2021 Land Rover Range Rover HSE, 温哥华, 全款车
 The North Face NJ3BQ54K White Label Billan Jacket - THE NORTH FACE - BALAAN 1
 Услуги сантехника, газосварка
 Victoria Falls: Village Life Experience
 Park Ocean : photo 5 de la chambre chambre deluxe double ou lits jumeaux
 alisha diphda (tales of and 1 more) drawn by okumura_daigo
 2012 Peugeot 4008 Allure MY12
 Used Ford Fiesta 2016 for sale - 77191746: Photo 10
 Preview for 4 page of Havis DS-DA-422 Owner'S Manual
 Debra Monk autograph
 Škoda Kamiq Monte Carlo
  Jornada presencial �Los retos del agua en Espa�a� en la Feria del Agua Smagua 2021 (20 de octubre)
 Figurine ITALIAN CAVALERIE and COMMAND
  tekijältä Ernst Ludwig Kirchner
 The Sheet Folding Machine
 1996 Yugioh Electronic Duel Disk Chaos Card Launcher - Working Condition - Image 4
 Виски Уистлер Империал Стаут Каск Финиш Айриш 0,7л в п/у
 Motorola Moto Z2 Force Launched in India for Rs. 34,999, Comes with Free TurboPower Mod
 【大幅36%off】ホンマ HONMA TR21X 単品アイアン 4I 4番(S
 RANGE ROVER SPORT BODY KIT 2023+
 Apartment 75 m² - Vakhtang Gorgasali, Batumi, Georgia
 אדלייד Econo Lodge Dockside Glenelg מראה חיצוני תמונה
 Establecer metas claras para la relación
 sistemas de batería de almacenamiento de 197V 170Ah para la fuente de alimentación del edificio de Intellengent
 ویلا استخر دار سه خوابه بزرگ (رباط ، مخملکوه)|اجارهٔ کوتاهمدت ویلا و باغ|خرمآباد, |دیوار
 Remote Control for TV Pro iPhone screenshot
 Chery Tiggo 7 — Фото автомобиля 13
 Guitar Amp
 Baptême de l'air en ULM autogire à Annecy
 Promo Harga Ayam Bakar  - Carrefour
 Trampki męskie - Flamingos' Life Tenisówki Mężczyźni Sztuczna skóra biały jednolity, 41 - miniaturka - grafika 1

◆ ◆ ◆ ◆

Copy every record above exactly as it appears.

2021 Land Rover Range Rover HSE, 温哥华, 全款车
 The North Face NJ3BQ54K White Label Billan Jacket - THE NORTH FACE - BALAAN 1
 Услуги сантехника, газосварка
 Victoria Falls: Village Life Experience
 Park Ocean : photo 5 de la chambre chambre deluxe double ou lits jumeaux
 alisha diphda (tales of and 1 more) drawn by okumura_daigo
 2012 Peugeot 4008 Allure MY12
 Used Ford Fiesta 2016 for sale - 77191746: Photo 10
 Preview for 4 page of Havis DS-DA-422 Owner'S Manual
 Debra Monk autograph
 Škoda Kamiq Monte Carlo
  Jornada presencial �Los retos del agua en Espa�a� en la Feria del Agua Smagua 2021 (20 de octubre)
 Figurine ITALIAN CAVALERIE and COMMAND
  tekijältä Ernst Ludwig Kirchner
 The Sheet Folding Machine
 1996 Yugioh Electronic Duel Disk Chaos Card Launcher - Working Condition - Image 4
 Виски Уистлер Империал Стаут Каск Финиш Айриш 0,7л в п/у
 Motorola Moto Z2 Force Launched in India for Rs. 34,999, Comes with Free TurboPower Mod
 【大幅36%off】ホンマ HONMA TR21X 単品アイアン 4I 4番(S
 RANGE ROVER SPORT BODY KIT 2023+
 Apartment 75 m² - Vakhtang Gorgasali, Batumi, Georgia
 אדלייד Econo Lodge Dockside Glenelg מראה חיצוני תמונה
 Establecer metas claras para la relación
 sistemas de batería de almacenamiento de 197V 170Ah para la fuente de alimentación del edificio de Intellengent
 ویلا استخر دار سه خوابه بزرگ (رباط ، مخملکوه)|اجارهٔ کوتاهمدت ویلا و باغ|خرمآباد, |دیوار
 Remote Control for TV Pro iPhone screenshot
 Chery Tiggo 7 — Фото автомобиля 13
 Guitar Amp
 Baptême de l'air en ULM autogire à Annecy
 Promo Harga Ayam Bakar  - Carrefour
 Trampki męskie - Flamingos' Life Tenisówki Mężczyźni Sztuczna skóra biały jednolity, 41 - miniaturka - grafika 1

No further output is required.